Quote: on the evolution of reading

Here, I am reminded not of the recent past but of a huge change that occurred in the middle-ages when humans transformed their cognitive lives by learning to read silently. Originally, people could only read books by reading each page out loud. Monks would whisper, of course, but the dedicated reading by so many in an enclosed space must have been an highly distracting affair. It was St Aquinas who amazed his fellow believers by demonstrating that without pronouncing words he could retain the information he found on the page. At the time, his skill was seen as a miracle, but gradually human readers learned to read by keeping things inside and not saying the words they were reading out loud. From this simple adjustment, seemingly miraculous at the time, a great transformation of the human mind took place, and so began the age of intense private study so familiar to us now; whose universities where ideas could turn silently in large minds.

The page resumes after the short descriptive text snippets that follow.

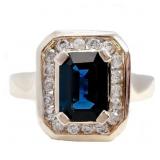 STUNNIING Sapphire & Diamond Halo Ring 14k Gold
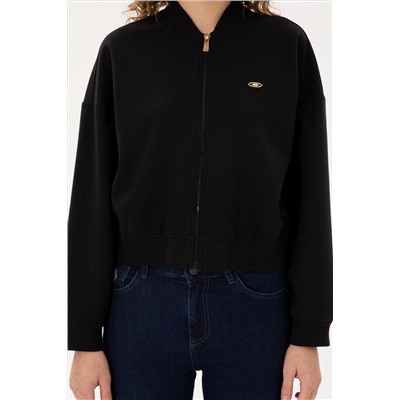 Kadın Siyah Bisiklet Yaka Fermuarlı Sweatshirt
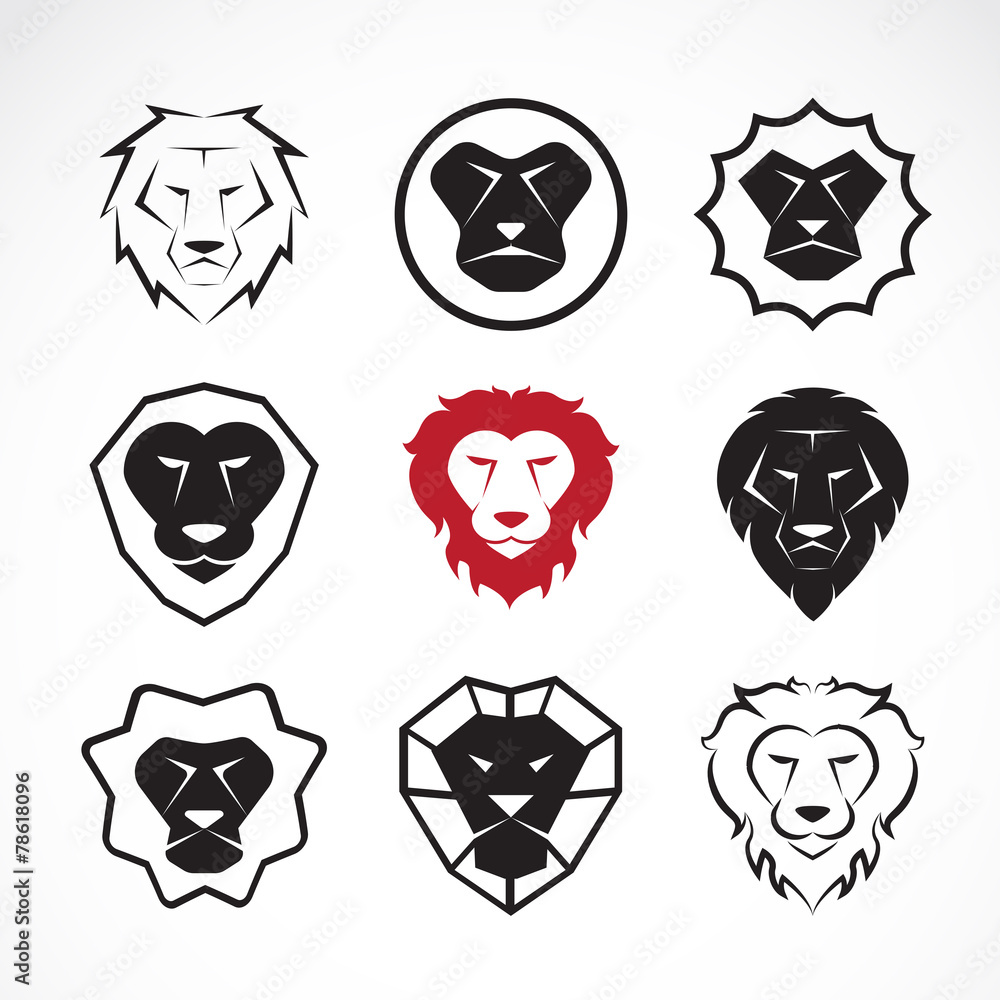 Vector group of an lion head design on white background Vector group of an lion head design on white background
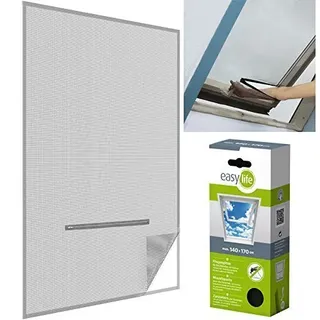 easy life Fliegengitter für Dachfenster 140 x 170 cm in anthrazit Eingriff mit Reißverschluss - auch in weiß wählbar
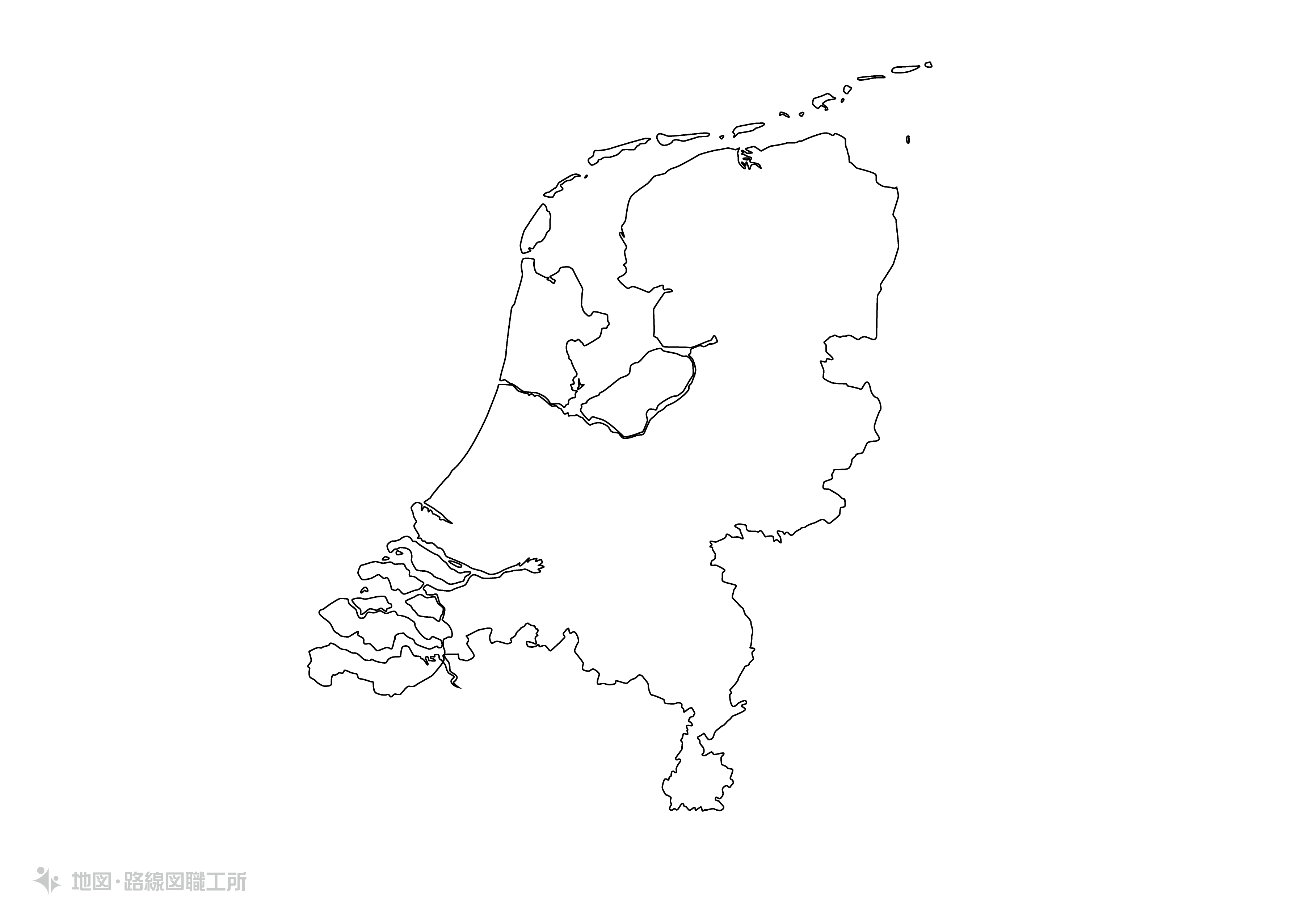 世界の白地図 オランダ王国 kingdom-of-the-netherlands map 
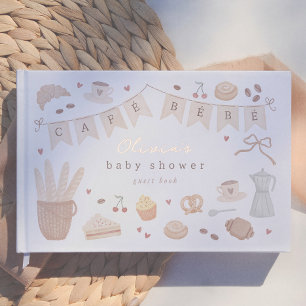 Cafe Bebe Watercolor Illustration Baby Shower Guest Book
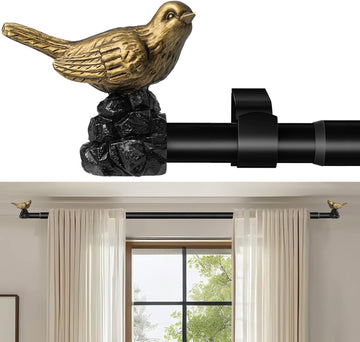 Vintage Black Curtain Rod Curtain Rods for Windows Adjustable Heavy Duty Drapery Rod with Gold Bird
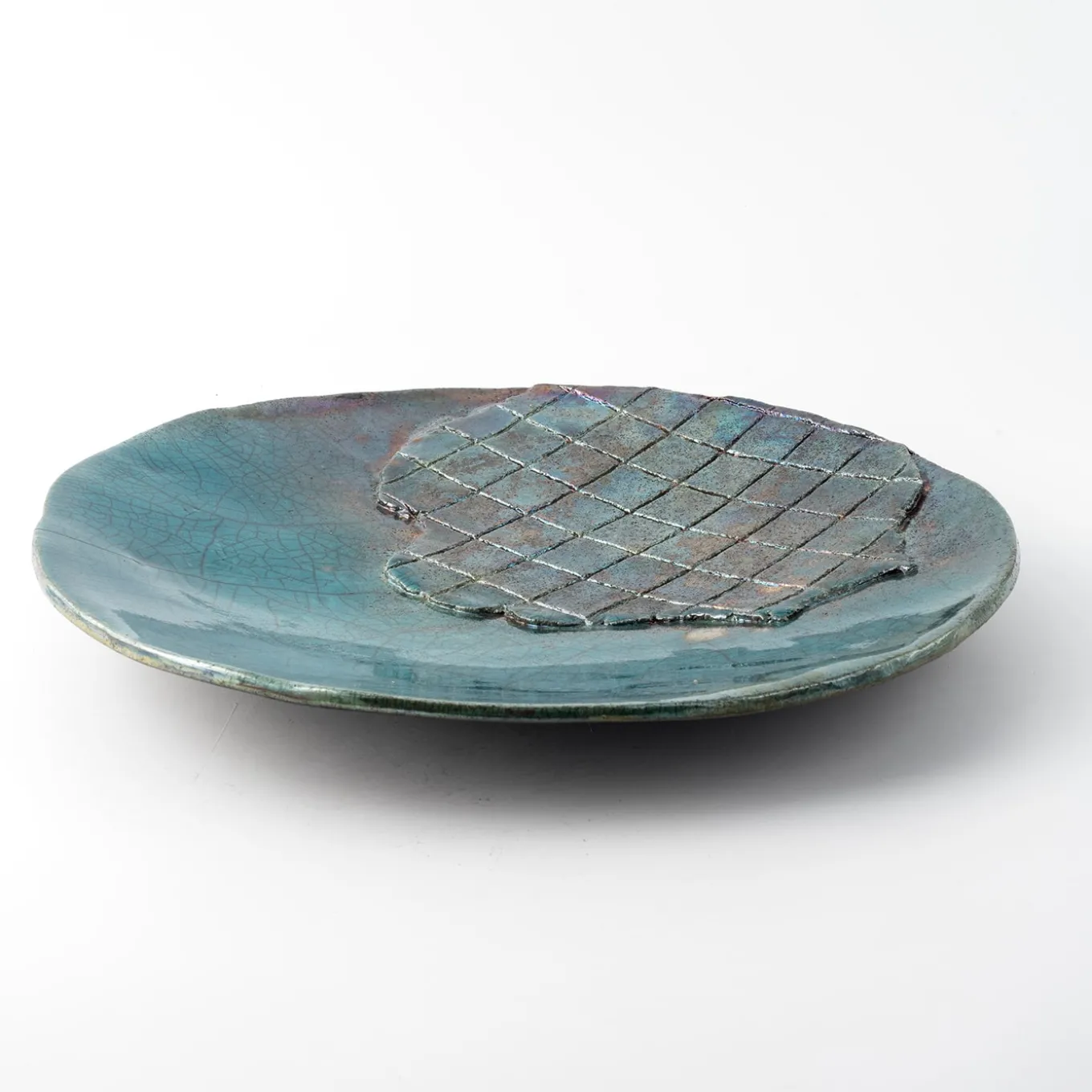 Piatto Decorativo Riflessi Veneziani In Ceramica Blu Di Nino Basso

Dr. Barry Smith, University of London, while discussing Edge Magazine’s 2009 question, What will change everything?

Edit: a commenter has suggested it was actually St. Ambrose, not St. Aquinas, who first broke this ground.

5 thoughts on “Quote: on the evolution of reading

  1. That is so interesting. I've never heard about that before. Thanks for the Edge link too – I didn't know about their annual question thing. The list of contributors is basically a list of my biggest heroes.

  2. Thanks! Yeah the Edge yearly question is great– I just bookmark where I'm at and read a few whenever I'm in the mood for some stimulation. Which reminds me I'd better finish 2009 soon…

  3. Actually, it was St Ambrose (4th century) who surprised St Augustine by reading silently. Not St Thomas Aquinas (13th century).

    And the 4th century is not "the middle-ages". Nor does educated usage refer to "St Aquinas".

    And, while St Augustine was intrigued/surprised/amazed, he was not so credulous that he saw this "as a miracle".

    That sort of credulity is more often found in 21st century scholars who comment on scholars from earlier eras.

  4. "But while reading, his eyes glanced over the pages, and his heart searched out the sense, but his voice and tongue were silent".

    St Augustine, Confessions, Book 6, chapter 3

    BTW, Ambrose was a senior public official and later became a bishop. He was a popular speaker and exercised considerable authority in Italy.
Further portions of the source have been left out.